在深度学习中，很多时候你会得到一个y向量，其数字范围从0到C-1，其中C是类的数量。例如C是4，那么你可能具有以下y向量，你将需要按以下方式对其进行转换：
在这里插入图片描述
这称为独热编码，又称一位有效编码，因为在转换后的表示形式中，每一列中都有一个元素正好是“hot”（意思是设置为1）。要以numpy格式进行此转换，你可能需要编写几行代码。在tensorflow中，你可以只使用一行代码：tf.one_hot(labels, depth, axis)。
定义独热编码：

# 定义独热编码
def one_hot_matrix(lables, C):
    """
    创建一个矩阵，其中第i行对应第i个类号，第j列对应第j个训练样本
    所以如果第j个样本对应着第i个标签，那么entry (i,j)将会是1

    参数：
        lables - 标签向量
        C - 分类数

    返回：
        one_hot - 独热矩阵

    """

    # 创建一个tf.constant，赋值为C，名字叫C
    C = tf.constant(C, name="C")

    # 使用tf.one_hot，注意一下axis
    one_hot_matrix = tf.one_hot(indices=lables, depth=C, axis=0)

    # 创建一个session
    sess = tf.compat.v1.Session()

    # 运行session
    one_hot = sess.run(one_hot_matrix)

    # 关闭session
    sess.close()

    return one_hot
# 测试一下
labels = np.array([1,2,3,0,2,1])
one_hot = one_hot_matrix(labels,C=4)
print(str(one_hot))

输出如下：
在这里插入图片描述

使用0和1初始化

如何初始化0和1的向量。
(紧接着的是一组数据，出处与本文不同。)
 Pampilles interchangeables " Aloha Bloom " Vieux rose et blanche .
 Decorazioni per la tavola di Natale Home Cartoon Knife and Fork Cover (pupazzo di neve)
将要调用的函数是tf.ones()。要使用零初始化，可以改用tf.zeros()。这些函数采用一个维度，并分别返回一个包含0和1的维度数组。

# 定义1的初始化
def ones(shape):
    """
    创建一个维度为shape的变量，其值全为1

    参数：
        shape - 你要创建的数组的维度

    返回：
        ones - 只包含1的数组
    """

    # 使用tf.ones()
    ones = tf.ones(shape)

    # 创建会话
    sess = tf.compat.v1.Session()
    # 运行会话
    ones = sess.run(ones)

    # 关闭会话
    sess.close()

    return ones
# 测试一下
print ("ones = " + str(ones([3])))

输出如下：
在这里插入图片描述

使用Tensorflow构建一个神经网络

在这里插入图片描述

加载数据集

同一个工程文件夹下新建一个文件，shou_zhi.py，输入代码引入相关库并加载数据集。

#构建网络,加载数据集
X_train_orig , Y_train_orig , X_test_orig , Y_test_orig , classes = tf_utils.load_dataset()

查看数据集里排序为0的图片是什么。

# 展示排序为0的图片
index = 0
plt.imshow(X_train_orig[index])
plt.show()
print("y = " + str(np.squeeze(Y_train_orig[:, index])))

输出如下：

在这里插入图片描述

和往常一样，我们要对数据集进行扁平化，然后再除以255以归一化数据，除此之外，我们要需要把每个标签转化为独热向量，像上面的图一样。

# 数据处理
X_train_flatten = X_train_orig.reshape(X_train_orig.shape[0], -1).T  # 每一列就是一个样本
X_test_flatten = X_test_orig.reshape(X_test_orig.shape[0], -1).T
# 归一化数据
X_train = X_train_flatten / 255
X_test = X_test_flatten / 255
# 转换为独热矩阵
Y_train = tf_utils.convert_to_one_hot(Y_train_orig, 6)
Y_test = tf_utils.convert_to_one_hot(Y_test_orig, 6)
print("训练集样本数 = " + str(X_train.shape[1]))
print("测试集样本数 = " + str(X_test.shape[1]))
print("X_train.shape: " + str(X_train.shape))
print("Y_train.shape: " + str(Y_train.shape))
print("X_test.shape: " + str(X_test.shape))
print("Y_test.shape: " + str(Y_test.shape))

输出如下：
在这里插入图片描述

创建占位符

为X和X创建占位符，方便你以后在运行会话时传递训练数据。

# 创建占位符
def create_placeholders(n_x, n_y):
    """
    为TensorFlow会话创建占位符
    参数：
        n_x - 一个实数，图片向量的大小（64*64*3 = 12288）
        n_y - 一个实数，分类数（从0到5，所以n_y = 6）

    返回：
        X - 一个数据输入的占位符，维度为[n_x, None]，dtype = "float"
        Y - 一个对应输入的标签的占位符，维度为[n_Y,None]，dtype = "float"

    提示：
        使用None，因为它让我们可以灵活处理占位符提供的样本数量。事实上，测试/训练期间的样本数量是不同的。

    """

    X = tf.compat.v1.placeholder(tf.float32, [n_x, None], name="X")  # 这里注意下tf版本，和原博客不一致
    Y = tf.compat.v1.placeholder(tf.float32, [n_y, None], name="Y")

    return X, Y
# 测试一下
X, Y = create_placeholders(12288, 6)
print("X = " + str(X))
print("Y = " + str(Y))

输出如下：
在这里插入图片描述

初始化参数

初始化tensorflow中的参数。使用权重的Xavier初始化和偏差的零初始化。比如:
注意：由于TF2.x删除了contrib，我使用了initializer = tf.initializers.GlorotUniform(seed=1)) 来代替initializer=tf.contrib.layers.xavier_initializer(seed=1))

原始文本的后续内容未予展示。